* Data under study:
========================================================================

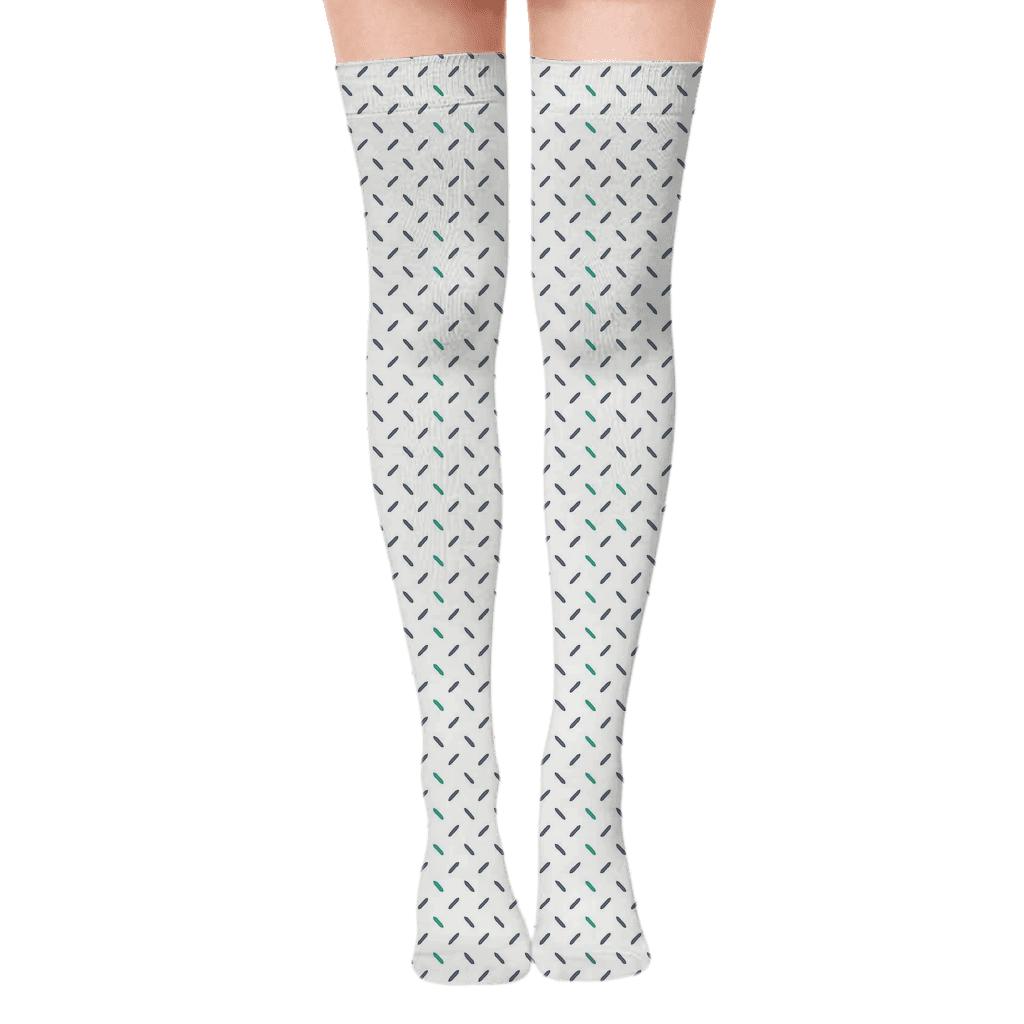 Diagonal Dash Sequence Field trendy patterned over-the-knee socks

========================================================================

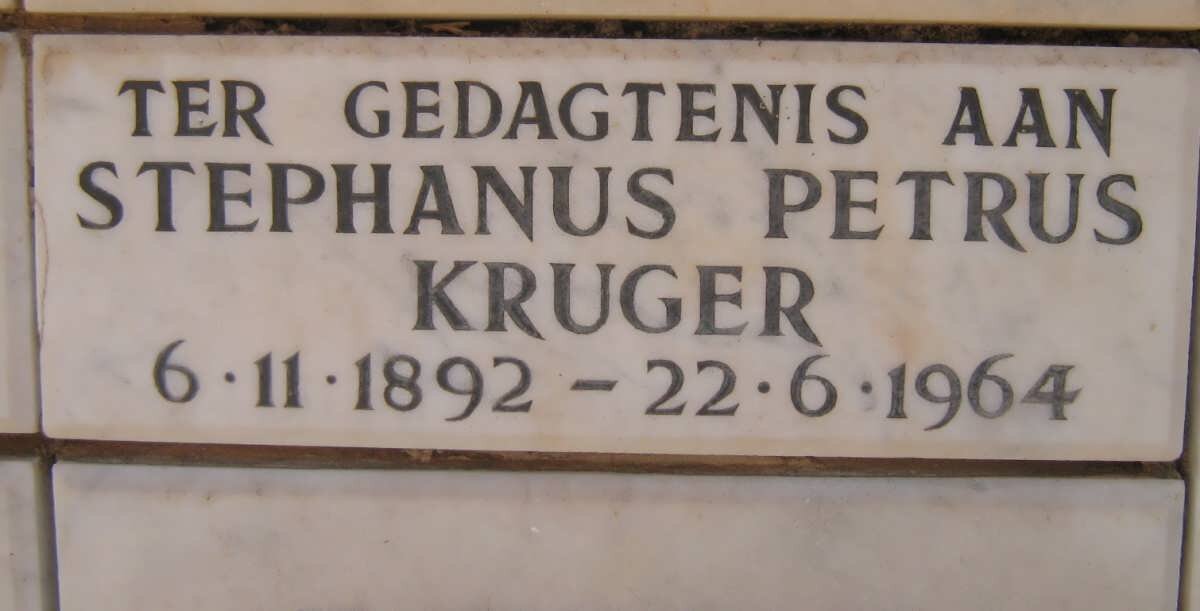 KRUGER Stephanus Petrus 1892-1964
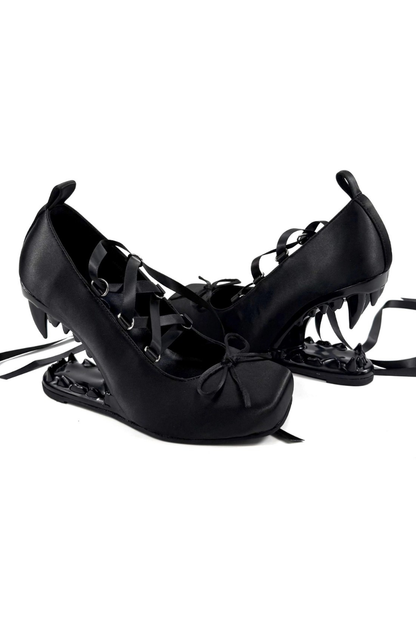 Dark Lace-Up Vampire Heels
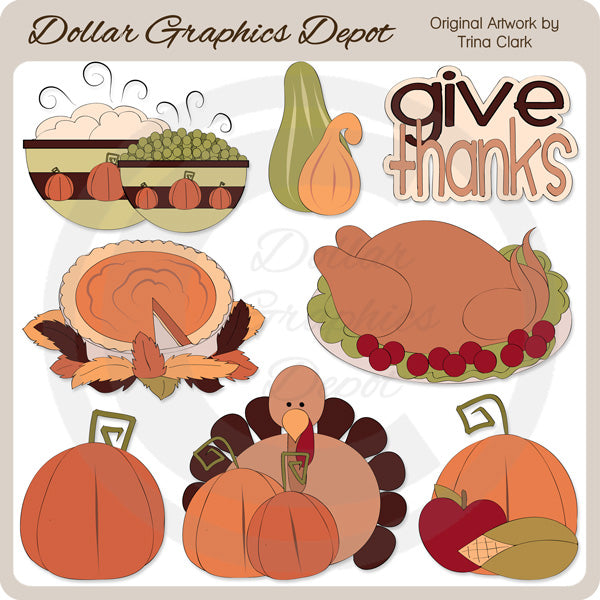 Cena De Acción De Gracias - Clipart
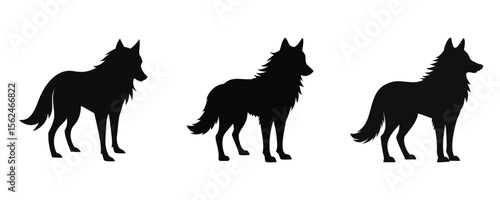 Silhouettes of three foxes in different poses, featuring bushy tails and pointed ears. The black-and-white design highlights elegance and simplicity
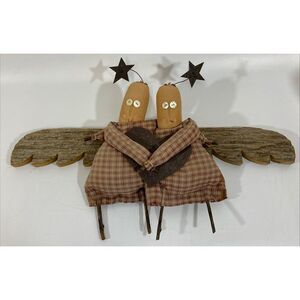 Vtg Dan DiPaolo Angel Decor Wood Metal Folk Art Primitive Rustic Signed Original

========================================================================

* Problem statement: Copy the lines above exactly, starting at the one with "KRUGER Stephanus Petrus 1892-1964" and ending at the one with "Vtg Dan DiPaolo Angel", both included. Leave out any pictures and add nothing else.

* Task output:
 KRUGER Stephanus Petrus 1892-1964
 Dark Lace-Up Vampire Heels
 Cena De Acción De Gracias - Clipart
 Silhouettes of three foxes in different poses, featuring bushy tails and pointed ears. The black-and-white design highlights elegance and simplicity
 Vtg Dan DiPaolo Angel Decor Wood Metal Folk Art Primitive Rustic Signed Original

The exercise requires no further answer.